GWR Steam Railmotor No.80 (Scorpio kit)


Charles Rudder

Gazette - August 2018 (Vol 20 No.8)

The prototype GWR Steam Railmotor 80 - with permission from Steam Picture Library

Overview and History

“Hello, I am GWR Steam Railmotor 80 – no fancy names here, just a number! I was built in 1906 to Diagram Q, one of 8 units, by the Gloucester Wagon Company. Construction of the various designs was performed by the GWR itself but a number like me were contracted to other companies. Unlike other siblings such as No. 93 (Diagram R of a 70 foot length – 74ft over the buffers), which is now preserved, I am only 59.5 feet long (63ft 6in over the buffers). Why I am shorter, I am not sure. Perhaps it was weight saving or cost saving or loading gauge restrictions on some routes. In any event, I remained in service until 1935 when I was withdrawn. Unlike many other steam railmotors I was not converted to an auto-train push-pull coach unit – of which the last was withdrawn in 1958.
The GWR steam railmotor units, despite differing coach designs, were all powered by essentially the same motor design. Soon after initial deployment of the units it became apparent that motor breakdowns required removal of the whole coach from service. And as a result spare power units were introduced and kept available so that in the event of a failure the power unit could be quickly (?) replaced and the coach returned to service – thus continuing its revenue earning capability with the minimum of disruption.
Removing the motor required the whole boiler to be lifted through a panel in the roof to about 23ft and this could only be performed at major service centres where facilities with sufficient lift height were available. Breakdown cranes could also be used. There were, however, several design flaws that probably resulted in the demise of the concept. These include issues with the vertical steam boiler having its tube ends not covered in water as in a conventional design, and this resulted in leaking. The ride of the steam railmotors could also be uncomfortable with vibration occurring under some circumstances.
Why were we, the steam railmotors, built? As early as the mid-1800s designs were being produced for a combined engine and coach and some very interesting and curious designs were developed. However, from the early 1900s railway companies were seriously looking for cost savings in railway operations. The GWR invested more than any other UK railway company in the concept of a steam railmotor with some 99 units constructed. From December 1903 GWR Board approval for construction of the first of these was issued. The last were built in 1908.
The steam railmotor was designed with needs of branch lines in mind where the passenger traffic was light. However, the power of the steam railmotor was low compared to a conventional locomotive and so the lines on which the rail motors could be run were restricted. Inclines were an enemy. The concept was, however, a success and passenger numbers increased. In fact, part of the operation of the units was to enable stopping at intermediate points between stations. Passengers were expected to climb into the coach using the ladder units provided. However, this was quickly realised to be impractical and so the ‘Halt’ was created – a raised platform, typically of just one coach length, just sufficient to allow easy access. Where possible, trailer coaches were deployed to increase capacity. Often these were coaches converted from normal passenger stock, including clerestory units, but with a driver’s cab created at one end to enable double ended operation. The demise started from about 1915 when the utility of the auto-train, often a single coach with a small tank loco fitted for push-pull operations, really started to take effect with its greater capacity for load and expansion in trailer coach attachment.
Now, whilst I may have been withdrawn in 1935 my details, and those of other steam railmotors, have been preserved in various drawings. I am pleased to say, that a number of model manufacturers and kit makers have taken up the challenge to ‘preserve’ me in miniature form. One such kit maker is Scorpio Models who offer both Diagram Q and Diagram R models to be built in 7mm/ft scale.zz The shedding for steam railmotors existed throughout the GWR and in the Cornwall area included St. Blazey servicing the Lostwithiel – Fowey Branch. Was I ever stationed there? That cannot be confirmed but it could well have been the case and it would be a logical choice for the fictitious location of my model.
The following is a report from my model maker…

The Model

The model comprises three major components: the non-powered bogie, the steam power bogie, and the coach body plus roof. Construction was tackled in that order.

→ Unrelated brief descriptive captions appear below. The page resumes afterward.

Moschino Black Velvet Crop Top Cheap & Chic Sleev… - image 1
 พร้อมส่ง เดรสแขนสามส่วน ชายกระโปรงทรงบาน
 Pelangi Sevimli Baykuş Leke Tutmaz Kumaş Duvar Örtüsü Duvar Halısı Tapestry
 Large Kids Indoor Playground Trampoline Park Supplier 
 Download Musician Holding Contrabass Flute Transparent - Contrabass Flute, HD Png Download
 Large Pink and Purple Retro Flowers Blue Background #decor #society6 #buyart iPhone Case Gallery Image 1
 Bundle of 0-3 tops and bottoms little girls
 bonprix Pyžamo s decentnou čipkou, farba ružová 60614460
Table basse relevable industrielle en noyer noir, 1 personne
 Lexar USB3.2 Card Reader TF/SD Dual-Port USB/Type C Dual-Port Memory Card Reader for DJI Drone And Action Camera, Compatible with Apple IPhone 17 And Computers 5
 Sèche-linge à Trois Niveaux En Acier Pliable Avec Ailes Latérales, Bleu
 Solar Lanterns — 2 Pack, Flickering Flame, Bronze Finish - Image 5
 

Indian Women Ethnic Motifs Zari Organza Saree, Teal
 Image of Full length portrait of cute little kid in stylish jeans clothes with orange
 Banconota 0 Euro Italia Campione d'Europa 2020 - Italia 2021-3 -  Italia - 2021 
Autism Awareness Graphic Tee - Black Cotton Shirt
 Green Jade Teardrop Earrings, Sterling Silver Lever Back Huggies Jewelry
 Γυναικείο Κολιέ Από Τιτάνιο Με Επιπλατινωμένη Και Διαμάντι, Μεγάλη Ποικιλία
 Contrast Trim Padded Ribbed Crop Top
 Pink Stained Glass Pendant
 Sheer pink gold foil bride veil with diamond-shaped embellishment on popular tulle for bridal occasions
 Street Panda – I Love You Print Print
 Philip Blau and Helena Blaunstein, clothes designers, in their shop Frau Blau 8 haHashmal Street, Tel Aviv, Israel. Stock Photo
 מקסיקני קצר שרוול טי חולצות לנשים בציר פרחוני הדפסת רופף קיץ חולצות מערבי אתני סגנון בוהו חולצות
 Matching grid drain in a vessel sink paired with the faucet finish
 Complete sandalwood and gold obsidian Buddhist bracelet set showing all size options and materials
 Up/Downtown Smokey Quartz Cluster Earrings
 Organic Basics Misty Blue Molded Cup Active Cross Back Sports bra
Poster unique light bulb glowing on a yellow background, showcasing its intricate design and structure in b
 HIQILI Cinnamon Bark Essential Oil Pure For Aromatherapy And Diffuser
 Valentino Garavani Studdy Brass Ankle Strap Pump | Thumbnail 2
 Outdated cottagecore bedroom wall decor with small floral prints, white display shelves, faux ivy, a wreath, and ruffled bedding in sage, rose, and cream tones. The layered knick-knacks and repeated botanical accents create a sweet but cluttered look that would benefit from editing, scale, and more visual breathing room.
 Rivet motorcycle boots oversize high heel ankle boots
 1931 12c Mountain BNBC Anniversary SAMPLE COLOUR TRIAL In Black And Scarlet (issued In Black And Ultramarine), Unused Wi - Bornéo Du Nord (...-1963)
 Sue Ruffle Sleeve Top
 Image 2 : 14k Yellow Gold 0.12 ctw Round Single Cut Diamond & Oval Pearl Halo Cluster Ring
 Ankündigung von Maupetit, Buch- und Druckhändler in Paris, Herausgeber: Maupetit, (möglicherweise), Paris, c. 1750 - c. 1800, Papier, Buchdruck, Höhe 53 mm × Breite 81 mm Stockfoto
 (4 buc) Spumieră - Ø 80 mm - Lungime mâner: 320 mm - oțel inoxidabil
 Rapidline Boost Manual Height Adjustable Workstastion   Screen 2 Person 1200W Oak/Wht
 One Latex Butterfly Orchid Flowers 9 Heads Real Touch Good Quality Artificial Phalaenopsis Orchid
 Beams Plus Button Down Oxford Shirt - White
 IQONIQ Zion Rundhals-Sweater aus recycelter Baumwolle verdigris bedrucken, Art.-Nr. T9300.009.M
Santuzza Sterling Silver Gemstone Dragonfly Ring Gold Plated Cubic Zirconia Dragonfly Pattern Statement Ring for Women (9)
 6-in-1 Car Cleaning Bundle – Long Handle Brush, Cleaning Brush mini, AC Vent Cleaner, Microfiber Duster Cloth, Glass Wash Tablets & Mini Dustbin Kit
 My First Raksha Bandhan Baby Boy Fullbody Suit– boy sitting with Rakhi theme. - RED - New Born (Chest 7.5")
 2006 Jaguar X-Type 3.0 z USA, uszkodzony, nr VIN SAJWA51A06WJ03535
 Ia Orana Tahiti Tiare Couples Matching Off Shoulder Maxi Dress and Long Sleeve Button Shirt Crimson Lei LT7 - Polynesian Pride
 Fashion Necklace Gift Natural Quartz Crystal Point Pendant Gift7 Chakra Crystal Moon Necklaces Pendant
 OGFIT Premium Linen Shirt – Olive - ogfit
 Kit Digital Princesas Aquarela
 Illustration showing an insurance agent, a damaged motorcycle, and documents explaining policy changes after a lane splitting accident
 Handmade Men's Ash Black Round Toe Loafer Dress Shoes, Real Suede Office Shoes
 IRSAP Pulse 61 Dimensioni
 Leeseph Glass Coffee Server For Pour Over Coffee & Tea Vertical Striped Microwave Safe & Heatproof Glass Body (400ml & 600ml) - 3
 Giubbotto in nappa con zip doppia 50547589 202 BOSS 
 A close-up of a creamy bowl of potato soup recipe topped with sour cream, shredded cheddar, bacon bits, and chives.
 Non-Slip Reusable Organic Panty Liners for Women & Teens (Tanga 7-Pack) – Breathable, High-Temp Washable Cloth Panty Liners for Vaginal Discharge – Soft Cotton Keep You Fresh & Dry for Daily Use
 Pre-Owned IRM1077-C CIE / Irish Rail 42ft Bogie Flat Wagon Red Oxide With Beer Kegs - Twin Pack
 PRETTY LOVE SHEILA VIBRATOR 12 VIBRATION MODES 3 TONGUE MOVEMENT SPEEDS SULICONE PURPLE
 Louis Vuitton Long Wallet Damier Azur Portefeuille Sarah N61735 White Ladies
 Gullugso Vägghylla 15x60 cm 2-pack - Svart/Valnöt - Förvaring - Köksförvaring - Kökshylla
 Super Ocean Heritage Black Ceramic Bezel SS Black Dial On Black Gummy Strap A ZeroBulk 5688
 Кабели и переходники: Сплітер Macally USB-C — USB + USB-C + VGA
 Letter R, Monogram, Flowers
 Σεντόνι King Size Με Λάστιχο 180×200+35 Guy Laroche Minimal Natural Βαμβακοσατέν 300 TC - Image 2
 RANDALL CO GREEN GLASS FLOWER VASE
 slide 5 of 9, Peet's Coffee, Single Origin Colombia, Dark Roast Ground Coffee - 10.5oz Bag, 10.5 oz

Soldered construction was required as the kit consists of a combination of brass and nickel-silver etches. There were also copious castings in brass, nickel-silver and white-metal. A resistance soldering unit (RSU) was used in conjunction with solder paste which contains a non-corrosive flux – in my view acid fluxes are something to be avoided if possible.

The Trailing Bogie


columns The constructed bogie - note the detail







The completed trailing bogie in primer


The design of the trailing bogie followed prototype practice and involved fabricating the complete structure from trusses to brakes. Each axle is free to move in the vertical plane within its horn blocks. There was a certain degree of uncertainty about how well this would actually work. There is neither rocking beam nor springing and the fall of a wheel and adhesion to the track is therefore dependant on gravity. However, even after painting, the wheel The constructed bogie - note the detail. The completed trailing bogie in primer. sets are free to move and running trials have proven the concept.

The prototype coach could be fitted with Dean, Standard or American type of bogie. The kit includes etches for the Standard type. The trailing bogie is designed to allow compensation as each axle can rise and fall freely within the frame. It is quite a detailed unit. This was the first of the major components to be built and it gave a feel for the construction of the motor bogie which also was a very detailed unit to build.

The Power Bogie

Building the boiler was challenging but satisfying. One of the challenges was that there are two etches that had to be rolled to form the top and bottom of the cone sections. The unit is actually built up from an inner layer formed inside lateral discs which then had the outer layer applied to form the unit.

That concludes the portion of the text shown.